Robert Dossou: Joseph Djogbénou est «intelligent et brillant»

Léonce Gamai
publié le Mar 1, 2020

Le colloque international organisé par l’Association béninoise de droit constitutionnel (ABDC) pour marquer le 30ème anniversaire de la conférence nationale au Bénin s’est achevé samedi 29 février 2020 par un hommage à Robert Dossou.

robert dossou Robert Dossou

L’avocat a été président du comité préparatoire de cette conférence nationale de février 1990, qui a permis au Bénin d’entrer dans l’ère du renouveau démocratique.

L’hommage a été marqué par la cérémonie de remise de mélanges en son honneur. L’ouvrage est intitulé « L’AMPHITHEATRE ET LE PRETOIRE: Au service des droits de l’homme et de la démocratie ».

La cérémonie était co-présidée par Joseph Djogbénou, président de la Cour constitutionnelle et son homologue de la Cour suprême Ousmane Batoko. Le professeur Joseph Djogbénou a fait un témoignage sur Robert Dossou, qui fut à la fois son enseignant en faculté de droit, puis son prédécesseur à la tête de la Cour constitutionnelle.

En retour, l’ancien bâtonnier de l’ordre des avocats du Bénin, Robert Dossou a aussi déclaré publiquement ce qu’il pense de Joseph Djogbénou, critiqué pour certaines décisions à controverse rendues par la mandature de la Cour constitutionnelle qu'il préside. A lire ci-dessous.

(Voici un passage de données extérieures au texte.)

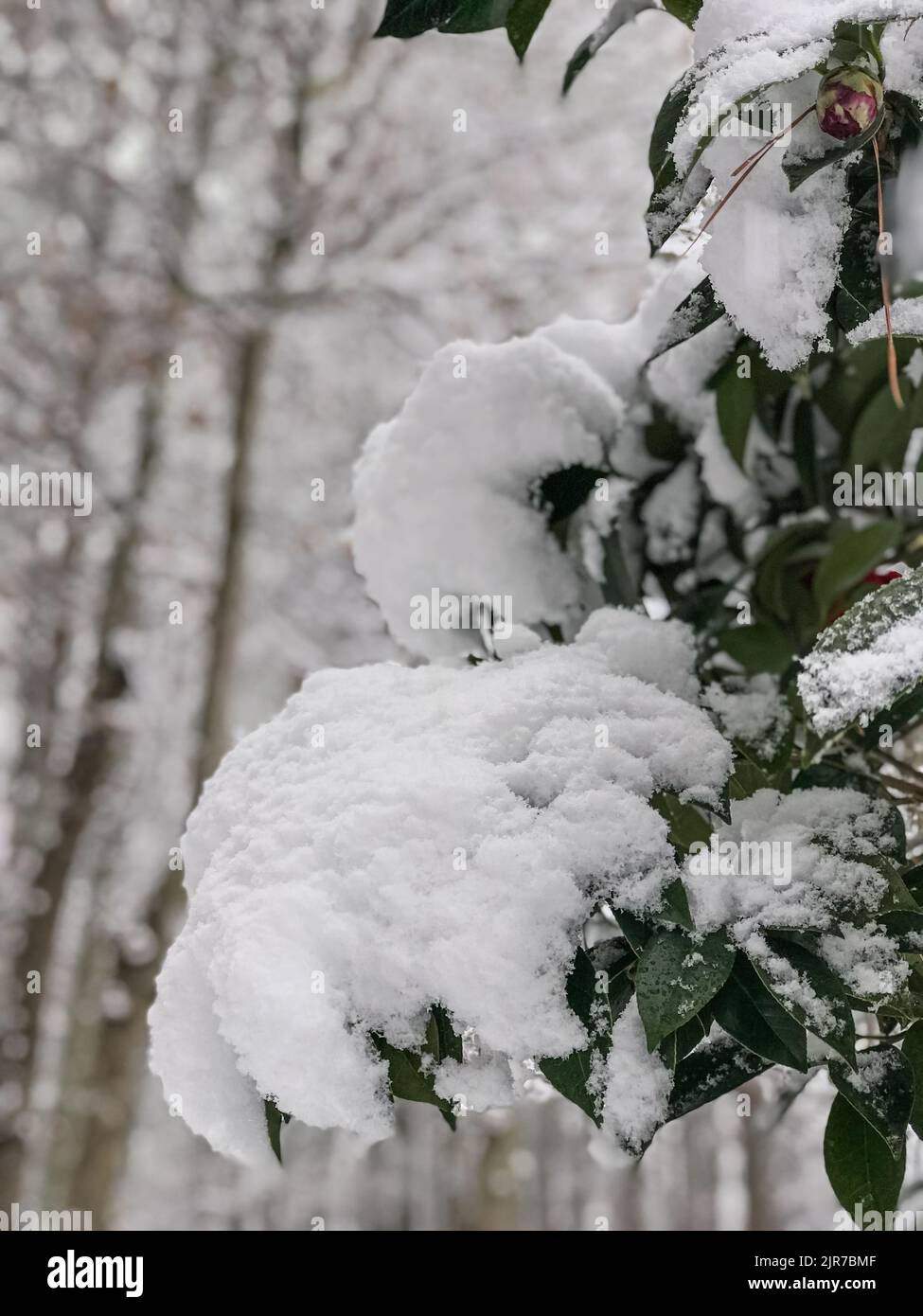 Frischer Schnee klammert sich an Ästen und Buschblättern im seltenen Metro Atlanta Schneesturm. Stockfoto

Témoignages de Robert Dossou sur Joseph Djogbénou 

« (…) Quand à mon enfant naturel (Joseph Dogbénou, ndlr), il peut être rassuré. Vous êtes mon enfant parce que je suis fier de vous. Qui aime bien châtie bien. Et vous, je vous châtierai plus durement que tout le monde en raison justement de cet amour que je vous porte.

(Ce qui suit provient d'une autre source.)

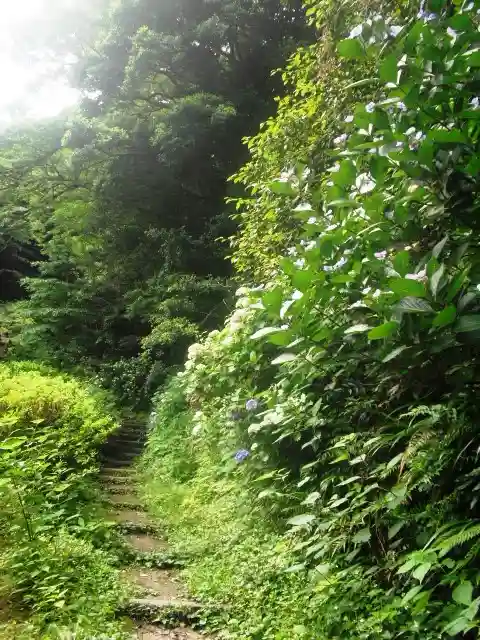 安國論寺(安国論寺)の自然
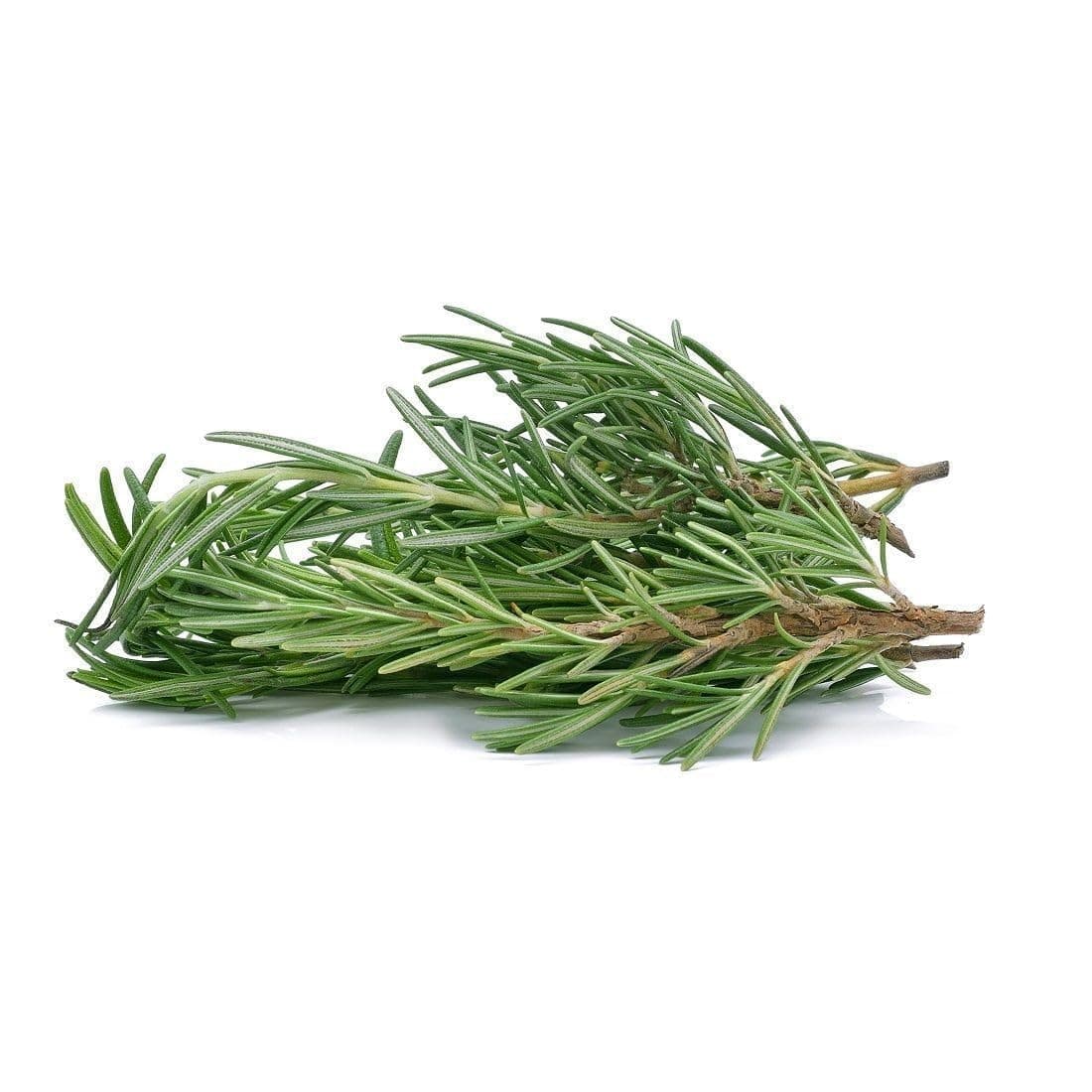 Fresh Rosemary Leaves Import 100g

Et je vous porte cet amour, vous-mêmes vous l’avez dit, vous l’avez répété ici, que vous avez juré d’être comme celui-là, alors soyez complètement comme celui-là, c’est tout ce que je vous demande.

Alors lui (Joseph Dogbénou, ndlr), je dois dire publiquement aujourd’hui pour la première fois pourquoi je l’aime. Il est intelligent, il est brillant, personne ne peut contester cela.  

Et si l’on sait dans quelles conditions nous avons créé une faculté de droit dans ce pays. Ces conditions ont fait que chaque fois qu’il m’arrive quelque chose d’heureux sur le plan professionnel, je pense à ces deux petites équipes de jeunes, qui avaient porté le projet de cette faculté.

Nous n’avions pas de salaire. Certains professeurs nommés, arrachés de leurs universités où ils enseignaient, arrivaient et ils faisaient une semaine de cours. On leur attribuait des cours. Ils venaient activement prendre fonction.

Une fois qu’ils ont donné deux ou trois cours, ils demandaient au fait combien vous gagnez ici. Et quand on leur disait qu’on n’avait pas de salaire, qu’on avait une avance sur solde de 60 000 Fcfa, sans rien dire, le week-end suivant ils reprenaient leur avion, ils étaient partis.

Et quand ils partaient, quelle que soit la discipline, moi je prenais leurs cours. Je ne savais pas que j’allais vivre jusqu’à 80 ans, parce que je donnais 30 heures de cours par semaine, il fallait les préparer. Donc, le soir, la nuit quand je rentrais chez moi, j’étais exactement comme ce chien qui a fait 10 000 km… J’étais épuisé (…)

joseph djogbenou Joseph Djogbénou

Donc lui (Joseph Djogbénou, ndlr), il est le premier des étudiants de cette faculté créée par nous, qui a tout fait ici au Bénin, tout, jusqu’à la thèse, jusqu’à l’agrégation. C’est le premier.

Les autres ont eu des formations entrecoupées à l’étranger. Donc, je suis obligé, même s’il fait des turpitudes, je suis obligé de l’aimer. Et quand on aime quelqu’un, eh bien on le châtie. Merci.»